C’est en 1842 que le cabinet autrichien fut pour la première fois poussé par la diète hors du système sacramentel baptisé par lui du nom d'aviticité (culte des aïeux). La diète qui remporta cette victoire était la soixante-quatrième des états confédérés de la Hongrie. Pour ne pas rester en arrière de leurs prédécesseurs, les membres du nouveau congrès assemblé en 1844 avaient une rude tâche à accomplir. Ils devaient terrasser des préjugés formidables, se tenir constamment à une hauteur d’idées et de sentimens qui pouvait les entraîner dans l’utopie. Cependant ils n’ont pas un instant perdu de vue les nécessités de leur situation ; sentant que de toutes les plaies qui dévorent leur pays la plus menaçante est l’antique oppression des classes agricoles, ils ont commencé hardiment la réforme de leurs lois urbariales[1]. La diète de 1844 a élaboré une série d’articles qui doivent avoir pour résultat de faire arriver enfin les plus pauvres paysans au rang du citoyen et du propriétaire. L’avant-dernière session avait déjà décrété la marche à suivre par le paysan qui voudrait racheter sa terre des corvées et des redevances seigneuriales ; mais l’exécution de ce décret rencontre un obstacle. Le rachat des terres suppose de l’argent, et le peu de numéraire que le travail procure au paysan, il est obligé de le verser annuellement en impôts au fisc autrichien.

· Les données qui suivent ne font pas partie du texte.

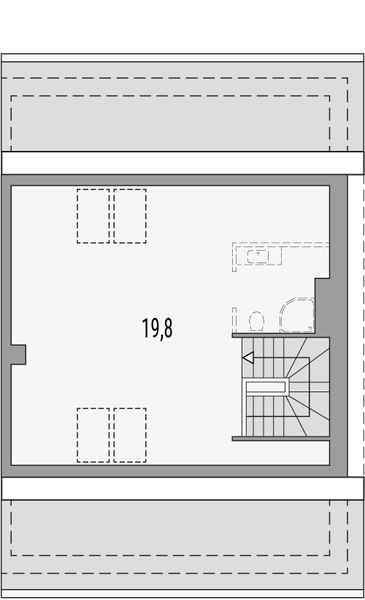 Poddasze projektu Merlin 3 - dwulokalowy segment p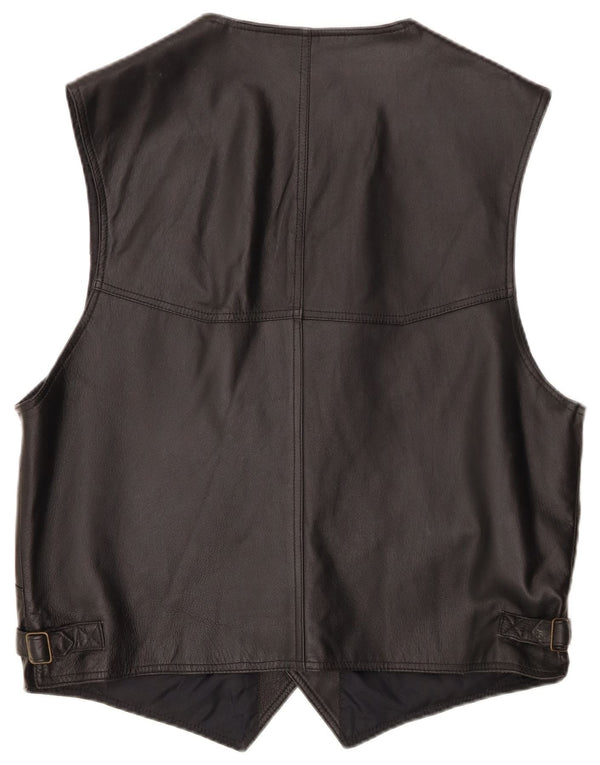 VINTAGE Chaleco de cuero para hombre Cuero negro medio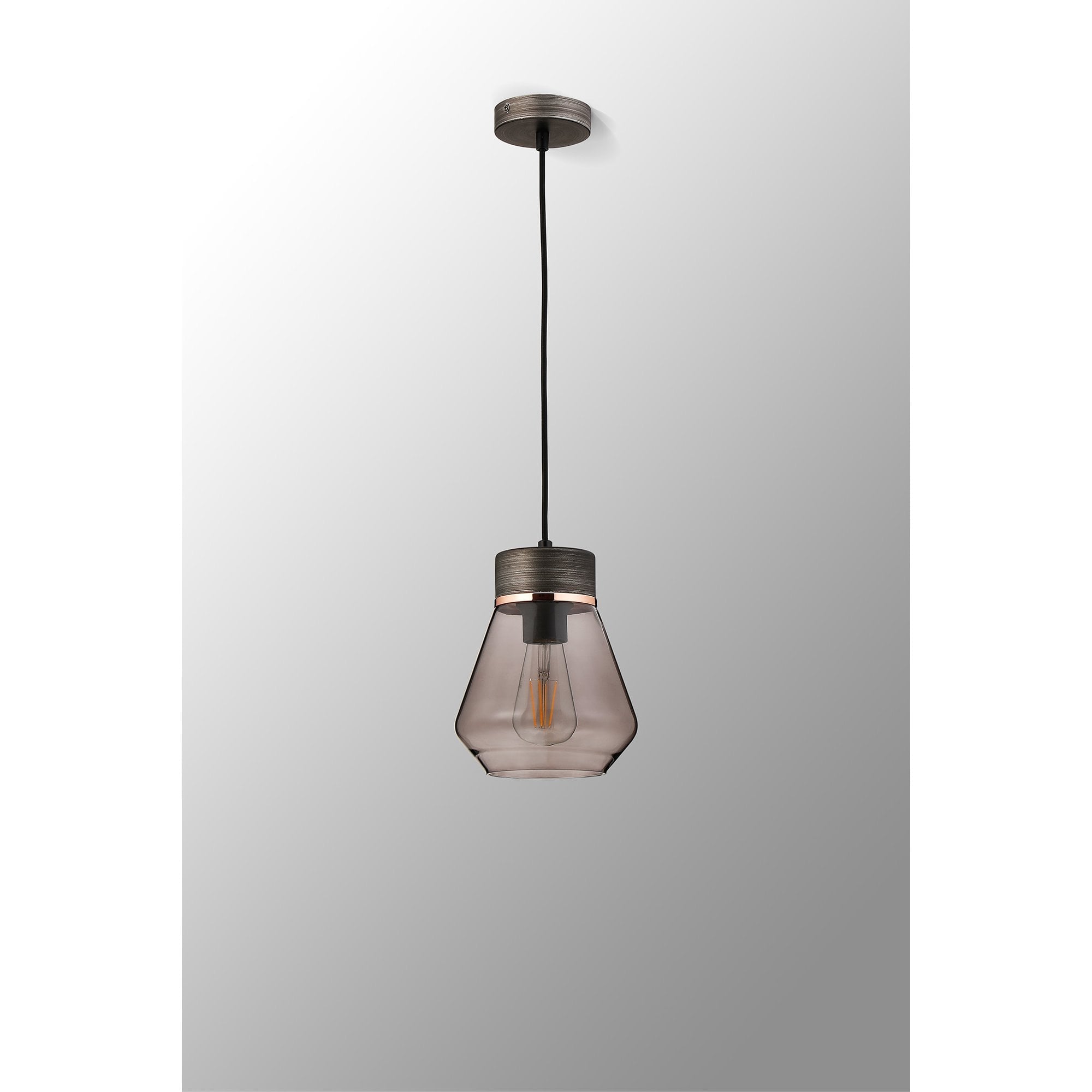 Fabula Laurel Single Pendant - Kite Shade - Aged Pewter & Smoke Glass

Le seul moyen de réaliser le rachat ou l’affranchissement des terres corvéables serait donc de prêter à leurs possesseurs de quoi les racheter. C’est dans ce but que la Hongrie a réclamé la fondation d’une banque qui prêterait sur hypothèque l’argent nécessaire aux cultivateurs. La

  1. Ce nom désigne les lois destinées à régler les rapports entre les citoyens ou seigneurs et leurs serfs.